Поддержку Вяземского встречали и молодые писатели. В годы его цензурного «правления» свет увидели диссертация Чернышевского «Отношение искусства к действительности», трилогия Суховокобылина, «Семейная хроника» и «Детские годы Багрова-внука» Сергея Аксакова, «Севастопольские рассказы» Льва Толстого, «Рудин» Тургенева, «Старые годы» Мельникова-Печерского, «Тысяча душ» Писемского, поэтические сборники Фета, Огарева, Никитина и Плещеева. Вполне доброжелательно отнесся Вяземский к Добролюбову — считал его одним из самых перспективных деятелей русского просвещения и всячески помогал.
Впрочем, были и исключения. «Грубый, озлобленный и раздражающий, политический стихотворный памфлет на целое коренное устройство общества и на такие стороны общественного быта, которые в существующем и законном нашем государственном порядке не подлежат литературному обсуждению, а особенно с тою резкостию и цинизмом выражений, какими запечатлены многие стихи… Стихотворения г.

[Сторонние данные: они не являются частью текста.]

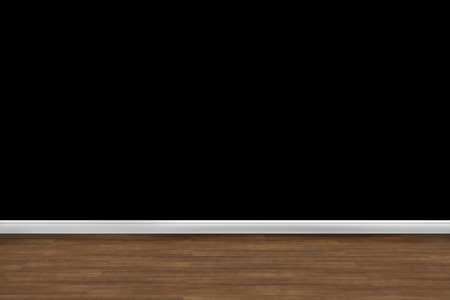 Image of grunge dark room interior with wood floorの写真素材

Некрасова, хотя и писаны в форме простонародной, но на деле совершенно чужды русскому духу: в них нет ни теплого чувства любви, ни доброжелательства, а есть одно сухое и холодное ожесточение и язвительное порицание. Они не что иное, как дикие отголоски чуждого нам направления» — так отреагировал князь Петр Андреевич на издание в ноябре 1856 года «Стихотворений» Некрасова. Цензор, пропустивший в печать книгу, получил строгий выговор от Норова, Но уже через год, 10 сентября 1857-го, сам Некрасов сообщал Ивану Тургеневу: «Я был у Вяземского — он меня уверял, что второе издание моей книги будет дозволено и что меня не будут притеснять»…[107]

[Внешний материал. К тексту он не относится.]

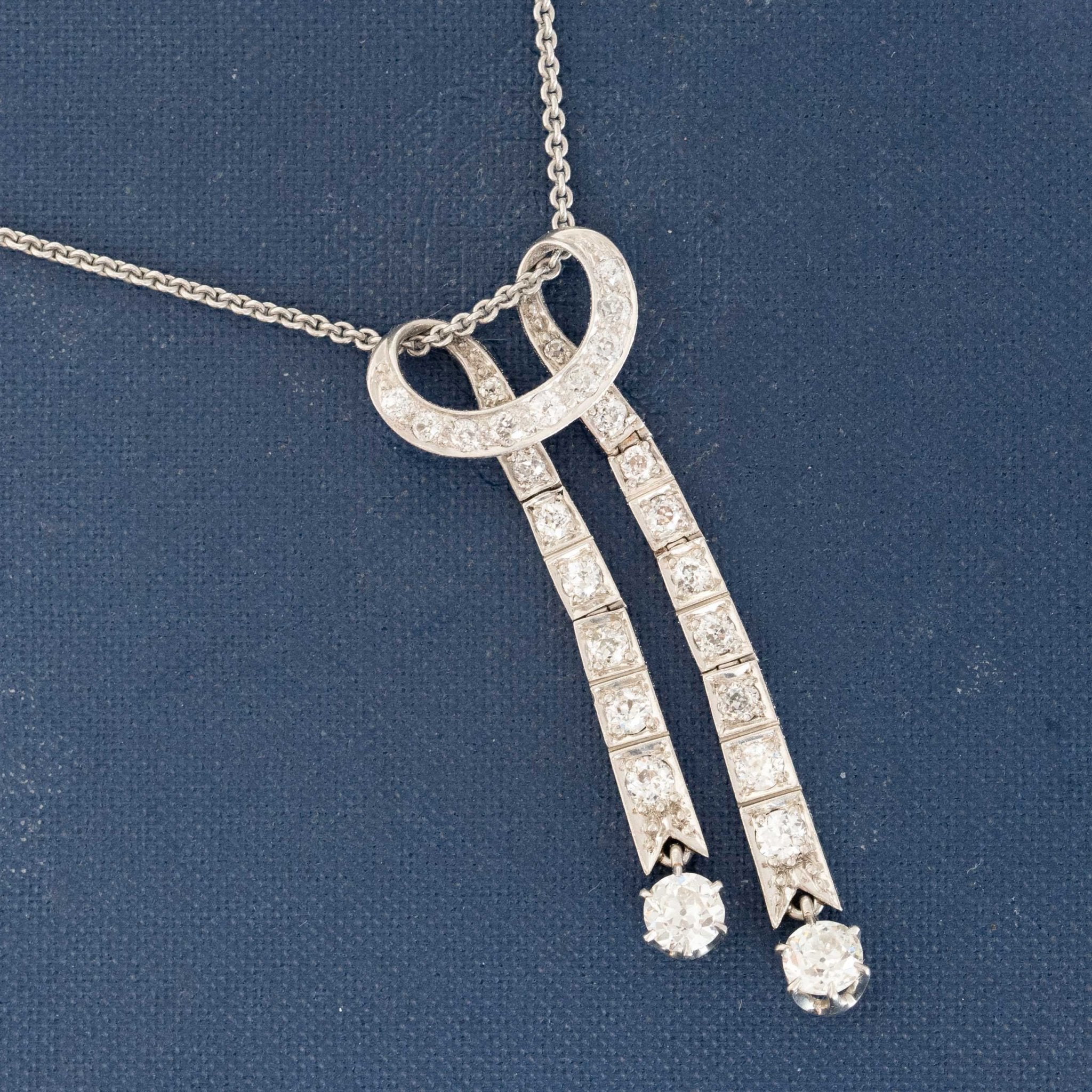 1.75ctw Vintage Diamond Bow Drop Pendant, by Marcus & Co.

Вообще позиция князя по отношению к молодым словесникам достаточно странна: с одной стороны, он не испытывает никаких симпатий к Некрасову и Салтыкову-Щедрину, с другой — в официальной записке, адресованной императору, заявляет о том, что «современная литература не заслуживает, чтобы заподозрили ее политические и нравственные убеждения». Например, о Щедрине Вяземский пишет резко и раздраженно: «Литература обратилась в какую-то следственную комиссию низших инстанций. Наши литераторы (например, автор «Губернских очерков» и другие) превратились в каких-то литературных становых и следственных приставов. Они следят за злоупотреблениями мелких чиновников, ловят их на месте преступления и доносят о своих поимках читающей публике… В литературном отношении я осуждаю это господствующее ныне направление: оно материализует литературу подобными снимками с живой, но низкой натуры, низводит авторство до какой-то механической фотографии, не развивает высших творческих и художественных сил, покровительствует посредственности дарований этих фотографов-литераторов и отклоняет нашу литературу от путей, пробитых Карамзиным, Жуковским и Пушкиным. Многие негодуют на то, что эти живописцы изображают одну худую сторону лиц и предметов. И негодуют справедливо… От этих тысяч рассказов, тысячу раз повторяемых, общество наше ничего нового не узнает… Каждый крестьянин, и не читая журналов, знает лучше всякого остроумнейшего писателя, что за человек становой пристав». Ему казалось, что «все эти «Губернские очерки» и тому подобные ничто как подражание» знаменитому роману Эжена Сю «Парижские тайны». А между тем «Губернские очерки» выходят в 1857 году двумя изданиями… Такая политика — конечно, рецидив поведения человека неслужащего, немало испытавшего и, что самое любопытное, — не упивающегося властью.
Подобные действия Вяземского на посту товарища министра легко объяснимы в свете традиций просветительского идеала службы в России. Идеал этот существовал со времен Екатерины Великой, ярко проявился в фигуре Державина и заключался в том, что служба на благо Отечества становилась для писателя в России обратной стороной его литературной деятельности, часто не менее значимой, а сам писатель был «представителем просвещения у трона непросвещенного». Таково было отношение к службе у Карамзина, Жуковского, Пушкина. Всех их отличали безупречная честность, стремление принести России практическую пользу, творческое отношение к своим обязанностям, как бы далеко они ни отстояли от литературы. Этим всегда руководствовался в своей службе (даже финансовой) и Вяземский.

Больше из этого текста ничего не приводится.